Existe algum canal de interlocução entre o governo, a direção da Funai e as entidades e movimentos?

O orçamento da Funai tem sido terrível e dificulta muito o trabalho das equipes. O departamento responsável por esses projetos foi sucateado. Claro que nos outros governos houve mais possibilidade porque havia  pessoas que defendiam as pautas. Tem servidores que conhecem muito as causas indígenas e têm atuado, mas com muita limitação para trabalhar. Praticamente não existe diálogo entre as entidades de representatividade indígena e o governo. Por outro lado, a gente, enquanto movimento indígena, tem se fortalecido cada vez mais. As organizações de base são relativamente recentes, começaram na década de 1970 e 1980, e, desde a constituinte de 1988, têm se fortalecido. Elas estão com funções muito importantes na defesa dos territórios e na luta como um todo, algumas inclusive recebendo apoio de fora do país.

Como você enxerga a comunicação do movimento neste contexto? De fora, dá a impressão de um crescimento bem considerável e independente com força expressiva das juventudes.
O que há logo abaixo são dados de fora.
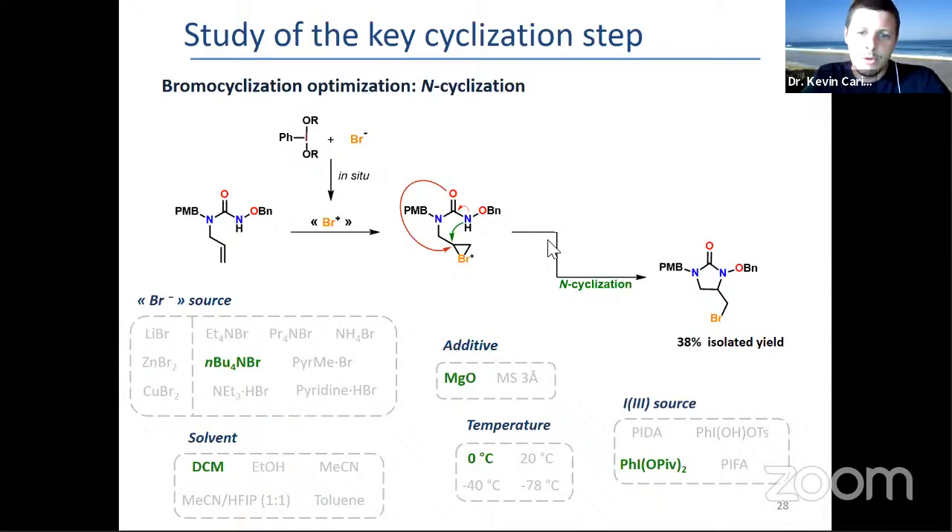We were also able to optimize the N-cyclization, but with lower yields — only 38% — and that's the best we could do. The key is to use ammonium bromide, tetrabutyl ammonium bromide, no longer pyridinium bromide.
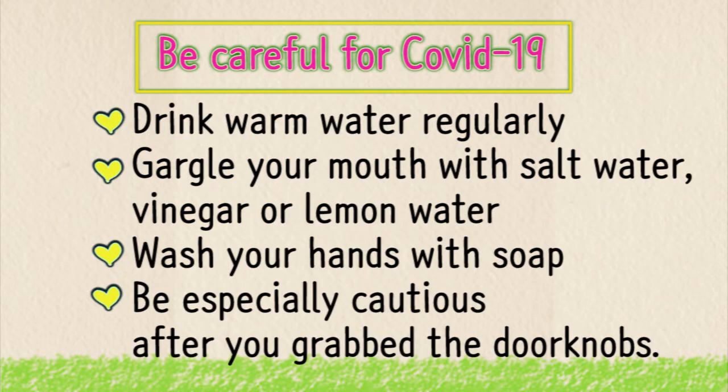Be careful for COVID-19. Drink warm water regularly. Gargle your mouth with salt water, vinegar, or lemon water. Wash your hands with soap, and be especially cautious after you grab doorknobs.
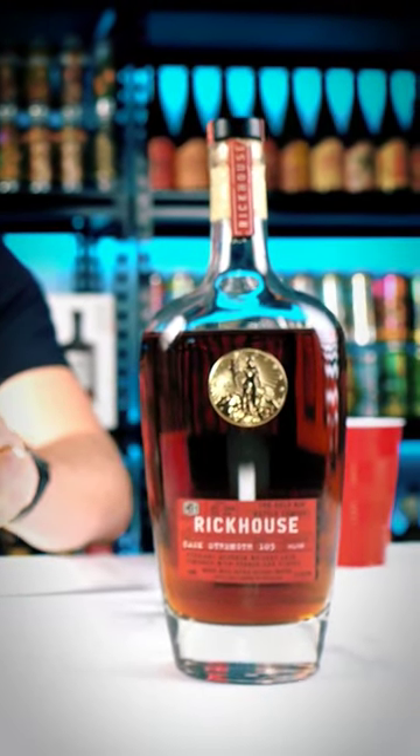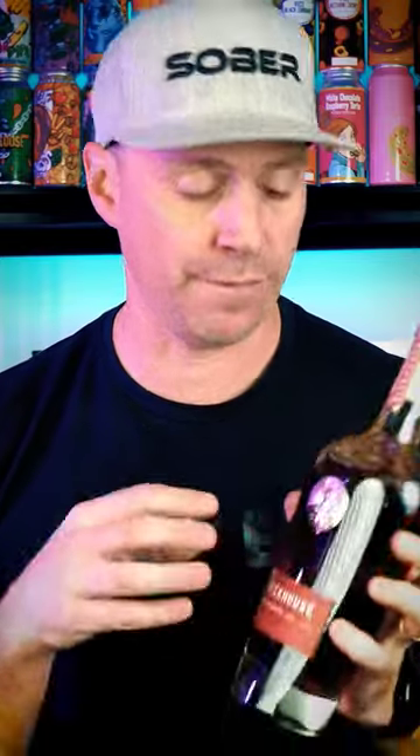This is just out of control and so over-the-top. There is no room for the actual spirit — there is so much smoke and so much oak. It's just out of control. Now, I'm not trashing it. This is just not for me, so this is a pass.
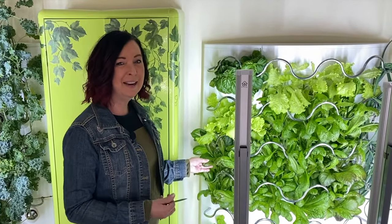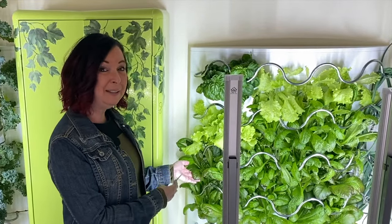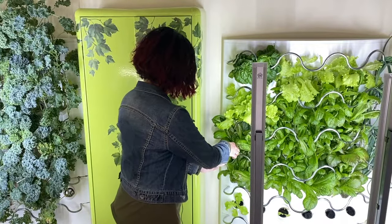Once your lettuce really starts to take off and you have some larger leaves, trim them off. And then they are ready to eat.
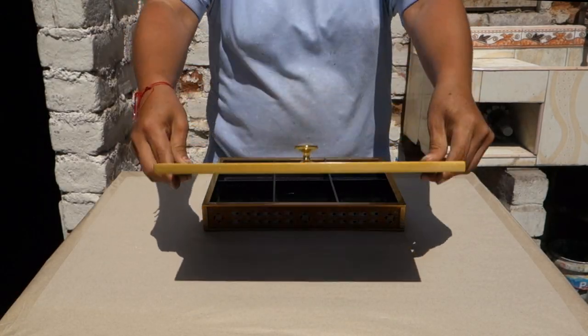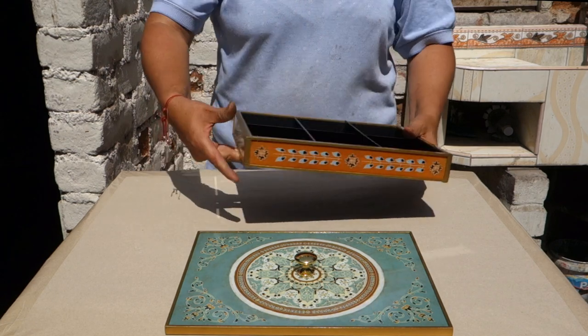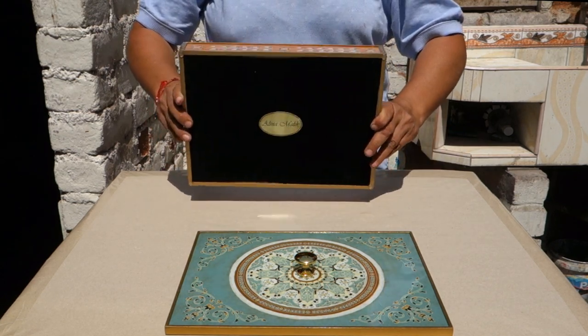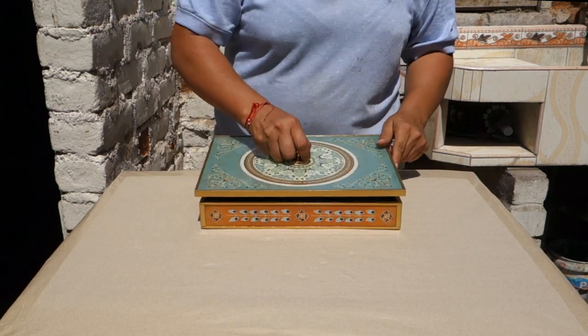Hi everybody, let's have a look at our sweets and chocolates chest. It is made of hand-painted glass, feminine in its structure. It opens by grabbing a metal handle and lifting it up. It reveals at once all the delicious sweets you keep in there.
Temos utilizado os próprios comunicadores indígenas para atuar nas organizações. Isso tem sido muito interessante, porque quem faz parte do contexto conta a narrativa da forma que a gente entende. É muito positivo o fortalecimento desses mecanismos de luta, que é a comunicação popular e os canais que temos. Tanto que na Assembleia da Coiab [Coordenação das Organizações Indígenas da Amazônia Brasileira] são todos indígenas, alguns da Apib [Articulação dos Povos Indígenas do Brasil] também, jovens que têm mais facilidade com essas tecnologias. Os mais velhos não tiveram esse acesso, então usamos essas ferramentas como forma de luta. Estamos organizando isso nos territórios, com coletivos de audiovisual, para contar as nossas histórias a partir dessas possibilidades.

Alguma consideração final que não tenhamos abordado?

Importante essa denúncia do mercúrio. Temos visto que a água do rio Tapajós que sempre foi muito clara, está ficando mais barrenta. Tem a ver com isso e com o grande tráfego de barcaças levando areia, brita, soja, grãos etc. Além disso, há uma pressão para transformar o rio numa hidrovia. Há  territórios estudados pelo DNIT [Departamento Nacional de Infraestrutura de Transportes] para explodir inclusive espaços sagrados, onde, no período da seca, as pessoas se reúnem. O rio está ficando cada vez menos profundo. É uma perda muito grande, inclusive do peixe, que é a principal fonte de proteína. Ainda não temos comprovação das doenças, mas tem muitos casos similares que podem estar relacionados à exposição ao mercúrio. Como diz o [Ailton] Krenak, precisamos de ideias para adiar o colapso e o fim do mundo,  por isso é importante focar na nossa produção, pautar isso nas escolas. Trabalharmos em prol de um modo de vida que pode nos dar dignidade também.